The first five minutes in the store went well. Then Maggie woke up and began to cry. As soon as I picked her up, I found out why. She had a serious poop-splosion and it had shot all the way up her backside turning her outfit a lovely mustard color. I hadn’t thought to restock the diaper bag since yesterday’s adventures, and I didn’t have a spare outfit on me. We very quickly perused the baby section for something suitable to change her into, then my mom handed me a twenty and I dashed to the register and bought the little, yellow sleeper we chose. I then ran to the restroom and began to change her.
I quickly discovered that I had no baby wipes on me either (you’d think I was one of those amateur first time mommies), so I used wet paper towels to clean my daughter. She is, of course, screaming the entire time at the indignity of being naked and cold in a ladies restroom of questionable sanitation. Meanwhile, we are attracting quite a bit of attention from the over sixty crowd. Every granny in the restroom had to peer adoringly at my screaming infant and then look at me questioning my competency as a parent (and seeing as how I forgot both a spare outfit and wipes it was a pretty legitimate concern). I am acting as calm and collected as I can feign under ths kind of scrutiny.

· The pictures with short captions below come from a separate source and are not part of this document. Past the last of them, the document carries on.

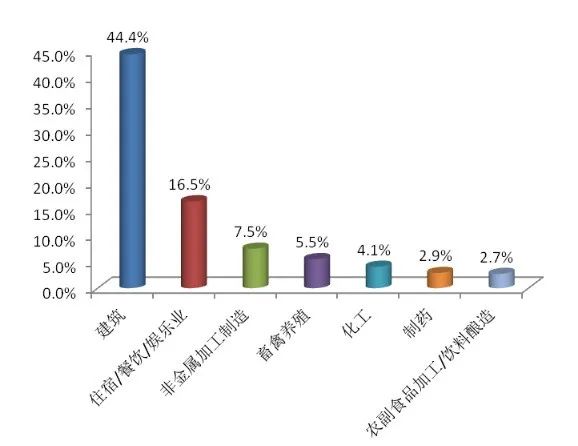 生态环境|生态环境部通报4月全国“12369”环保举报办理情况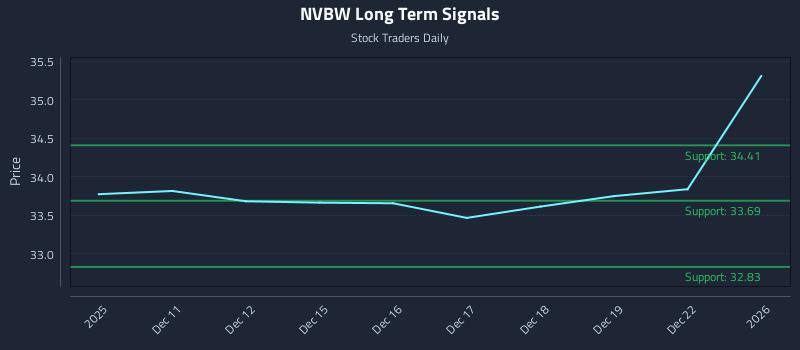 NVBW Long Term Analysis for June 10 2026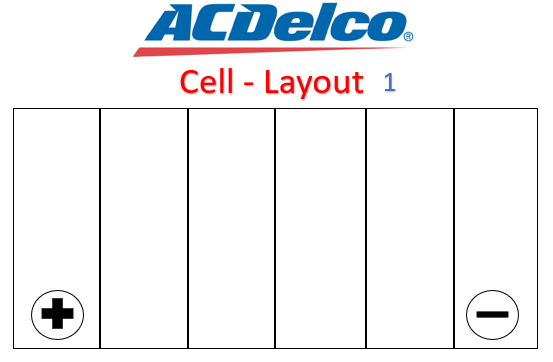 ACDelco Battery (MF70ZZ) S95D31RHD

Finally, she is de-pooped and I just need to rip the tags off the little sleeper, unsnap the snaps, and wedge my failing baby inside of it. This sounds really easy, doesn’t it? Well, those snaps are the industrial type. They don’t just unhook easily. It is very definitely a two handed job. So while the grannies all stare, I juggle the baby and the sleeper with the super glued snaps. I’m sure I was quite amusing. They probably thought I was one of those wackos who steals a baby from it’s pram, then changes her clothes and hair color in the restroom and disappears into the crowd.
Then this saint of a woman enters the restroom, sees me struggling and offers to help me unsnap the blasted sleeper and dress my squalling baby.
With a little assistance, Maggie was clothed in a matter of seconds. The other grannies busied themselves washing their hands and adjusting their graying hair. I’m sure they were secretly staring at me out of the corner of their eyes to see if I would drop her on the way out. Which I did not, thank you very much.
I return to the BX and find my family. We shop for a few more minutes then my son fixates on a Buzz Lightyear toy that is far too advanced for a two year old. Being the typical two year old that he is, and since it is an hour past naptime, he has a total meltdown. There is no reasoning with him when he is like that. He carries on for about ten minutes before we decide to get the heck out of dodge. As soon as we hit the checkout isle he calmed down. There was CANDY in the isle. He hands me a pack of Starbursts quite placidly for someone who looks so tear streaked. I ask him if he is ready to be calm now. He is. So I tell him to go ask grandma if he can have the treat. Since he is expressing his want with composure instead of screaming with his head spinning around Exorcist-fashion, he gets the treat.
My parents decide to check out the Commissary on their own while I took the kids home for a nap.
I got Jonas in bed and sat on the couch with Maggie on my lap. Suddenly, she makes an extremely forceful and loud poop. She still has the newborn startle reflex so her little arms fling out to the side and her eyes open wide. She looks up at me in absolute shock. And I busted up laughing at her.